My task on the Youreka camp, T6, was to try and study the effects that our camps have on children. I used both quantitative and qualitative methods to do the same. I come back with a lot of information, insight, and interest. The following is a glimpse into what the experience has meant to me.

If there is one thing that I have been telling everyone who shows interest in my experience on Youreka (T6) it’s that I simply have not been happier in the past four years. I had been extremely happy in school; carried a bagful expectations to university, was stifled and dissatisfied; came to Delhi, only to be shocked at the cultural deficit of this wretched place. Then T6 happened.
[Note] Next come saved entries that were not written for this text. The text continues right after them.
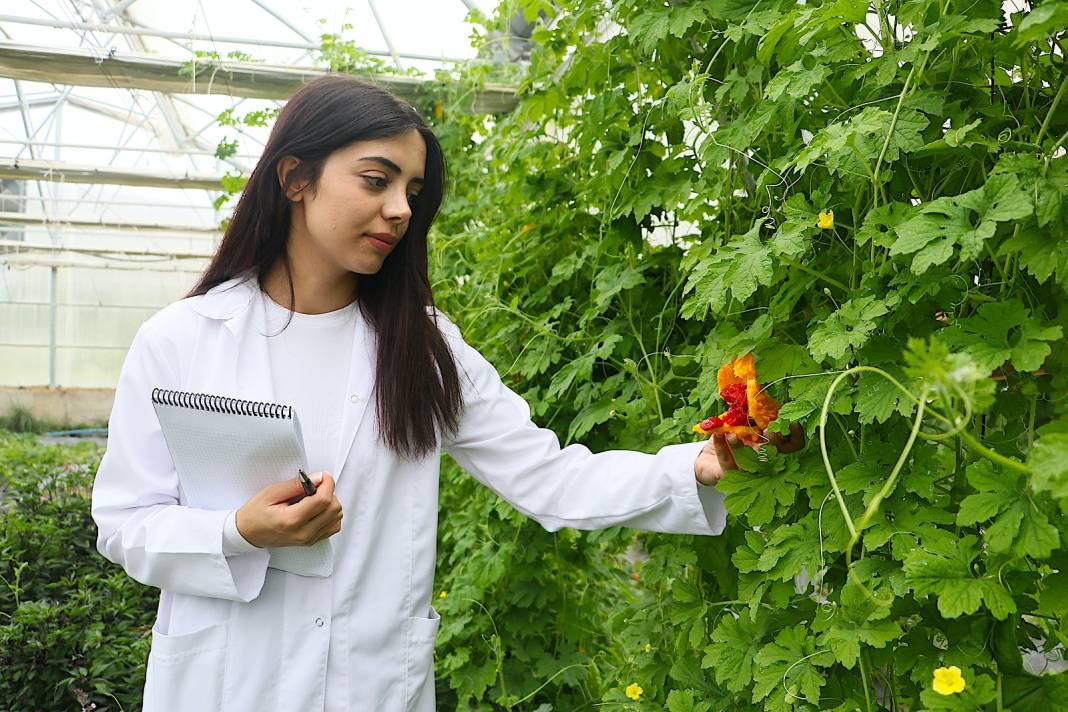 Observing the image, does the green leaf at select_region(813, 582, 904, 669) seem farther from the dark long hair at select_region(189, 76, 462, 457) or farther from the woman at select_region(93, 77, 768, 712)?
the dark long hair at select_region(189, 76, 462, 457)

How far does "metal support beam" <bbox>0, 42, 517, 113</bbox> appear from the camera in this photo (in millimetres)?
4297

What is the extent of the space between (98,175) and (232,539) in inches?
340

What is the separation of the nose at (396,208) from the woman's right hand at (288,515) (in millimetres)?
432

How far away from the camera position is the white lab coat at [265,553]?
150 cm

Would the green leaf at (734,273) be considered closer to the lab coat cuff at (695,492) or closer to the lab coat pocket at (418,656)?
the lab coat cuff at (695,492)

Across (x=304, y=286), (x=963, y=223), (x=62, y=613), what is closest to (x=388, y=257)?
(x=304, y=286)

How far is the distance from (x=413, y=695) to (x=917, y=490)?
94 cm

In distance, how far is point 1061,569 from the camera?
917mm

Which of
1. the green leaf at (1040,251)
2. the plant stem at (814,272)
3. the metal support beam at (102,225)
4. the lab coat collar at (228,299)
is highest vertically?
the green leaf at (1040,251)

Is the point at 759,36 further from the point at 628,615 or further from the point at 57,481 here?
the point at 57,481

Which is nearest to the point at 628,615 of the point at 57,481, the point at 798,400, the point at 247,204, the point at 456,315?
the point at 798,400

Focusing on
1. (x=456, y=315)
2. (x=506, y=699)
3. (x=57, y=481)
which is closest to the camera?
(x=506, y=699)

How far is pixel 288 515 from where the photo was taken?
1392mm

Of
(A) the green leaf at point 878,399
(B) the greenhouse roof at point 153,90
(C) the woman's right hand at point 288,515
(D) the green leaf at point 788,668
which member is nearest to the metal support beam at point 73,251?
(B) the greenhouse roof at point 153,90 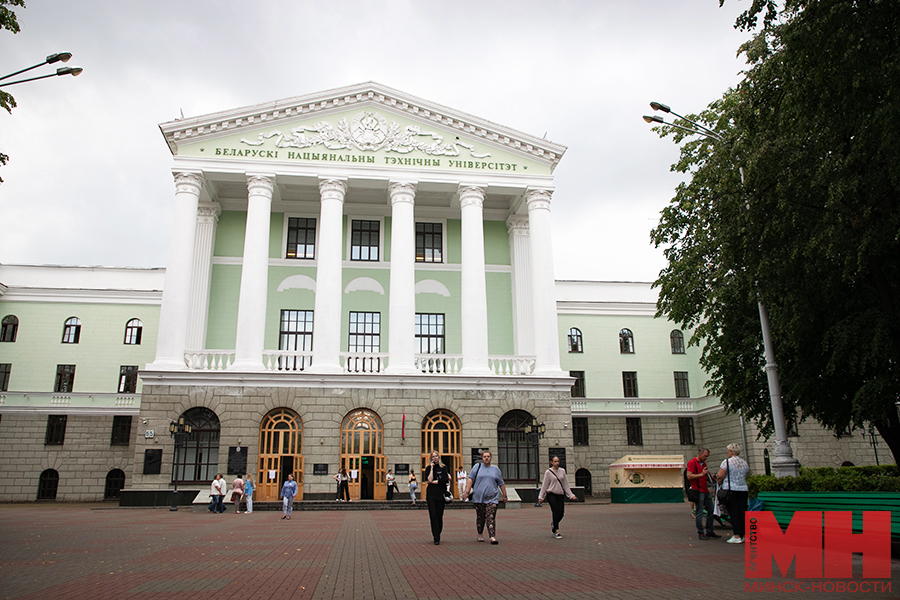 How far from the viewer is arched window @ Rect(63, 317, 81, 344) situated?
41619 millimetres

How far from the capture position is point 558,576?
387 inches

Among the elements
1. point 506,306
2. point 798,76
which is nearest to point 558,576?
point 798,76

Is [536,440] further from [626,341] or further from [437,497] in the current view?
[437,497]

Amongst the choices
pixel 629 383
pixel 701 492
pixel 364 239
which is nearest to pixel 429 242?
pixel 364 239

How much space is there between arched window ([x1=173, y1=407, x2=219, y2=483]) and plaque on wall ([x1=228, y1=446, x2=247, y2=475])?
864mm

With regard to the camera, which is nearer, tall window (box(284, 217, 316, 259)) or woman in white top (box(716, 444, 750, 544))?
woman in white top (box(716, 444, 750, 544))

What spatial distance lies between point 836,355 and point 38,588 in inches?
633

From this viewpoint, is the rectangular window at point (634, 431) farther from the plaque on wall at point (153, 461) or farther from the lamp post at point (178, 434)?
the plaque on wall at point (153, 461)

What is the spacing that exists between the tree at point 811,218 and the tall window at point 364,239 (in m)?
20.0

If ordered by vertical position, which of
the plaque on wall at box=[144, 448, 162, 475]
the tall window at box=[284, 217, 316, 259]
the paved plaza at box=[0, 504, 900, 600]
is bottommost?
the paved plaza at box=[0, 504, 900, 600]

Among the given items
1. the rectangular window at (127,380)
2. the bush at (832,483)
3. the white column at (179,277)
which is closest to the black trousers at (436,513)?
the bush at (832,483)

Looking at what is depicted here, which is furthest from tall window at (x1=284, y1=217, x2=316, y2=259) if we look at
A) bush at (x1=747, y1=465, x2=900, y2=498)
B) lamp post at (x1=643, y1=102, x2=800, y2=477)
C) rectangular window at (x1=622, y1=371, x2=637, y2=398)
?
bush at (x1=747, y1=465, x2=900, y2=498)

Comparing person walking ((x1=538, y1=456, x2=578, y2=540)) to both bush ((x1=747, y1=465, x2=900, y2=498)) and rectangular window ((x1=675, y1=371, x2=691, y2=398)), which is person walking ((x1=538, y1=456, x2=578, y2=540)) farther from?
rectangular window ((x1=675, y1=371, x2=691, y2=398))

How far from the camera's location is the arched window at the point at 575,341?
44.6 m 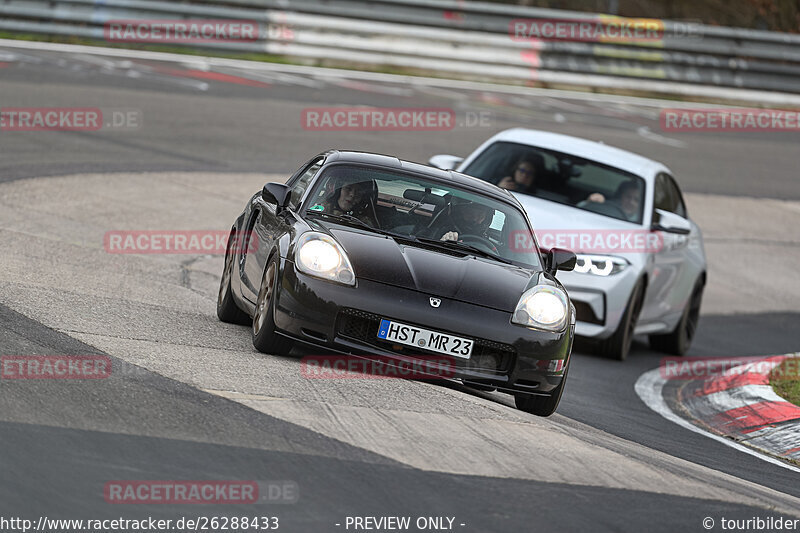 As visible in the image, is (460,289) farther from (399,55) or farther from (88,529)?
(399,55)

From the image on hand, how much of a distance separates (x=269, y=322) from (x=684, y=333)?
21.2 feet

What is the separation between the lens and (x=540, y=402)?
7.63m

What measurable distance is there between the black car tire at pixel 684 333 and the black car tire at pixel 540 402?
5290mm

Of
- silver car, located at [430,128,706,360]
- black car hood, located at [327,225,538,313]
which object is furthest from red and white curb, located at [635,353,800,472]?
black car hood, located at [327,225,538,313]

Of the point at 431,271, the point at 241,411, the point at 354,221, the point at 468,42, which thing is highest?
the point at 468,42

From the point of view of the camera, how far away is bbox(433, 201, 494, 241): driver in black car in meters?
8.18

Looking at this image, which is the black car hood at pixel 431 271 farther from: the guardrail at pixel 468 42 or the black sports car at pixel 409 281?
the guardrail at pixel 468 42

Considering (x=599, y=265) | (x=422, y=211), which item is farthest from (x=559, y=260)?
(x=599, y=265)

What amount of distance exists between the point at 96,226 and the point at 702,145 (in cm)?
1440

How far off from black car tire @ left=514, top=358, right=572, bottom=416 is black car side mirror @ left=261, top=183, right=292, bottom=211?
200cm

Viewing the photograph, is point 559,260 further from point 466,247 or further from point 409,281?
point 409,281

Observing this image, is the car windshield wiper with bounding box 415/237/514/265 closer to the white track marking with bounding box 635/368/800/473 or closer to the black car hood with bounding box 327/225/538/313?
the black car hood with bounding box 327/225/538/313

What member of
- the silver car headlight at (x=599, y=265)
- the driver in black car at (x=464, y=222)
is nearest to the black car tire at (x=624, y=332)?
the silver car headlight at (x=599, y=265)

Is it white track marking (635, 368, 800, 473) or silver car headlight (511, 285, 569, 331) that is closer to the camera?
silver car headlight (511, 285, 569, 331)
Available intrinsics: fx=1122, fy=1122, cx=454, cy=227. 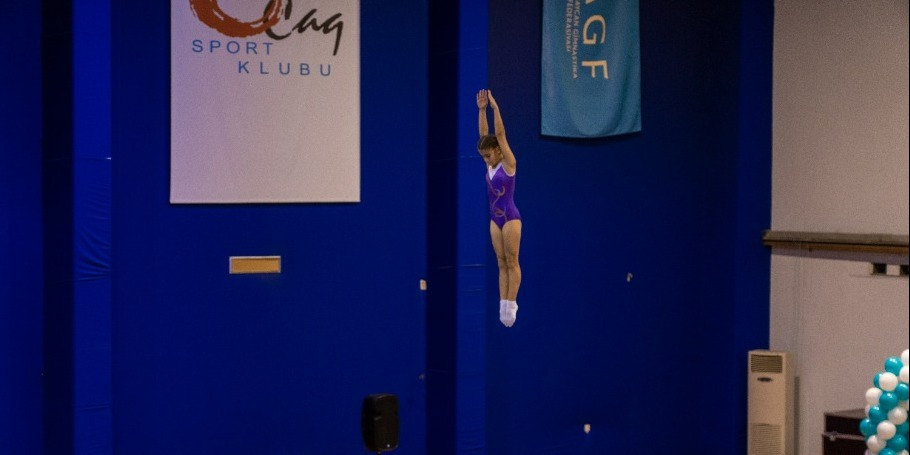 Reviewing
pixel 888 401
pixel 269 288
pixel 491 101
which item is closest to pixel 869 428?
pixel 888 401

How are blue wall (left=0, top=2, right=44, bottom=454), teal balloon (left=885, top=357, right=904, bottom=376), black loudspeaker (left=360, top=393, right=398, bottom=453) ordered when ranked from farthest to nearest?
1. blue wall (left=0, top=2, right=44, bottom=454)
2. teal balloon (left=885, top=357, right=904, bottom=376)
3. black loudspeaker (left=360, top=393, right=398, bottom=453)

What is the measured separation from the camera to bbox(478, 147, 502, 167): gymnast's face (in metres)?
6.77

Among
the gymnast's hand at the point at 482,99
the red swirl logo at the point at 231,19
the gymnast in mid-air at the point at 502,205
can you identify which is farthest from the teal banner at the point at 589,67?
the red swirl logo at the point at 231,19

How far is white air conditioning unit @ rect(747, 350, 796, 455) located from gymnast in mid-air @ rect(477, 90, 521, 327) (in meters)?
1.82

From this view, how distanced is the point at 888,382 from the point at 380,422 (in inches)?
117

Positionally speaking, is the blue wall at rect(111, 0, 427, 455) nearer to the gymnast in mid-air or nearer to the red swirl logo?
the red swirl logo

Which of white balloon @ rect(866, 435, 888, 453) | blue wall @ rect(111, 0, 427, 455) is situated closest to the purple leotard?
blue wall @ rect(111, 0, 427, 455)

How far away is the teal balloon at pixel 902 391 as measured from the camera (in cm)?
579

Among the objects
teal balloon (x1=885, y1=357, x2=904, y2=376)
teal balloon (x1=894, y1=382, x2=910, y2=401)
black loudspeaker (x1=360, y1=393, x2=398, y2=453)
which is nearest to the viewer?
black loudspeaker (x1=360, y1=393, x2=398, y2=453)

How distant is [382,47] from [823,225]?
3222 mm

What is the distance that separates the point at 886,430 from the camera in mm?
5832

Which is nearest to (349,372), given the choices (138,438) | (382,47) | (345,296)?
(345,296)

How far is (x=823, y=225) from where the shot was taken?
7.63 m

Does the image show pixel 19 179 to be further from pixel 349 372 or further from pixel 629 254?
pixel 629 254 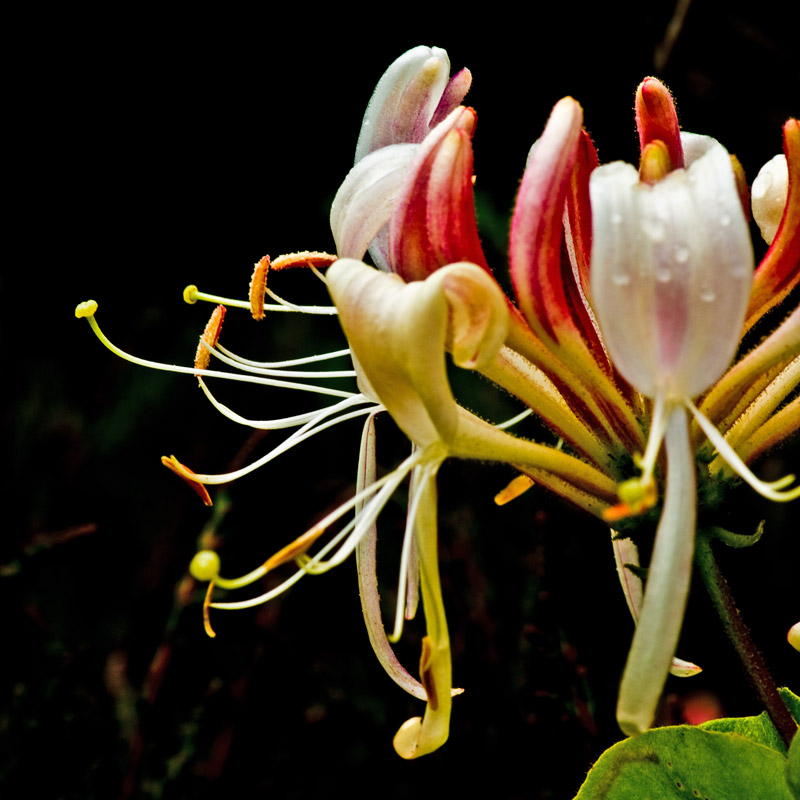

Ok, I’m writing this “My experience” thing way after when I should have originally done this, so I may not be able to communicate to you the emotions that I experienced, in their original degree. For me, T6 was, let’s see... …, like dipping my face in the Tirthan River. For those of you who’ve done that, you may appreciate that this involves not just that single chilling, thrilling sensation but a lot more: a lot more, to know that your face has gone red and it’s not a blush; a lot more, when you know that you are enjoying it just as much and at the same level as the kid next to you; a lot more, when you delve into those erstwhile unnoticed pockets in your bag of emotions; a lot more that really can hardly be expressed on paper.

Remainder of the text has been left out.